Copy exactly the lines that run from the line containing "Louis Vuitton-Louis Vuitton" to the end of the material below, both ends included.

▼

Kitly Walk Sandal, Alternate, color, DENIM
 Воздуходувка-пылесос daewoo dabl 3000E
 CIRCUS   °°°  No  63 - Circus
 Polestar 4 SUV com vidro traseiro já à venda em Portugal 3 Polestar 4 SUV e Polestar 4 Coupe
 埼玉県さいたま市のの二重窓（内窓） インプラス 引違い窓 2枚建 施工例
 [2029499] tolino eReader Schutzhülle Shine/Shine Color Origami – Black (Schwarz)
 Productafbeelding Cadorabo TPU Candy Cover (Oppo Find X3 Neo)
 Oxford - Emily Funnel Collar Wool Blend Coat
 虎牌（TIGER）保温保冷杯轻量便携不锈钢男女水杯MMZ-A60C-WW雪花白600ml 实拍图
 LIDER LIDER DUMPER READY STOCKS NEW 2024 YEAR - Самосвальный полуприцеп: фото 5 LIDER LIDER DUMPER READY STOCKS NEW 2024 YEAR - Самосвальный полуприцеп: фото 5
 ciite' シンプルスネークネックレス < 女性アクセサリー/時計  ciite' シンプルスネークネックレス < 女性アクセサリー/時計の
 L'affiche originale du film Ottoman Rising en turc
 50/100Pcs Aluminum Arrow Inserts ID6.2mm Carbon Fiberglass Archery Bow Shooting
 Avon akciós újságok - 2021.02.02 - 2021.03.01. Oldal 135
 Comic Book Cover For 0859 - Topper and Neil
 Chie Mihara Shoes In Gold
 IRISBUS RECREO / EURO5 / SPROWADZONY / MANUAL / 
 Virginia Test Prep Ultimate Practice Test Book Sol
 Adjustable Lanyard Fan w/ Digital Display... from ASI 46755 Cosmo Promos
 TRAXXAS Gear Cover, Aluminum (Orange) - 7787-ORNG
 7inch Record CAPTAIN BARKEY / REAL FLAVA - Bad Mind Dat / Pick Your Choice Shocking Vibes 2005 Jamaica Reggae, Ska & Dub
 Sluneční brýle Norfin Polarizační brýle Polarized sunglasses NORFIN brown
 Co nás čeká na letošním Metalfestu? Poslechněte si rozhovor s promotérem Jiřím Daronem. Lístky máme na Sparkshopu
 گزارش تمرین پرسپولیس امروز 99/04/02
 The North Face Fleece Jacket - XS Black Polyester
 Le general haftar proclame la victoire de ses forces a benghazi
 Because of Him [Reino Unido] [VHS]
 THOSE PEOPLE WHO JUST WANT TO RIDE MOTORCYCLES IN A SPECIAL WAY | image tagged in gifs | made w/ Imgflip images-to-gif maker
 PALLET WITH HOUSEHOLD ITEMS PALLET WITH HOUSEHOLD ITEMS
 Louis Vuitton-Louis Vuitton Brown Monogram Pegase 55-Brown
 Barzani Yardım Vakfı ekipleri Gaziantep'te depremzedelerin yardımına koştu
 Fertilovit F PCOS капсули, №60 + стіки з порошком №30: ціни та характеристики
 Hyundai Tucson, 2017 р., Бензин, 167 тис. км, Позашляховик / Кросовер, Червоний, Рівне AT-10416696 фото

▲

OUTPUT FOR THIS TASK
 Louis Vuitton-Louis Vuitton Brown Monogram Pegase 55-Brown
 Barzani Yardım Vakfı ekipleri Gaziantep'te depremzedelerin yardımına koştu
 Fertilovit F PCOS капсули, №60 + стіки з порошком №30: ціни та характеристики
 Hyundai Tucson, 2017 р., Бензин, 167 тис. км, Позашляховик / Кросовер, Червоний, Рівне AT-10416696 фото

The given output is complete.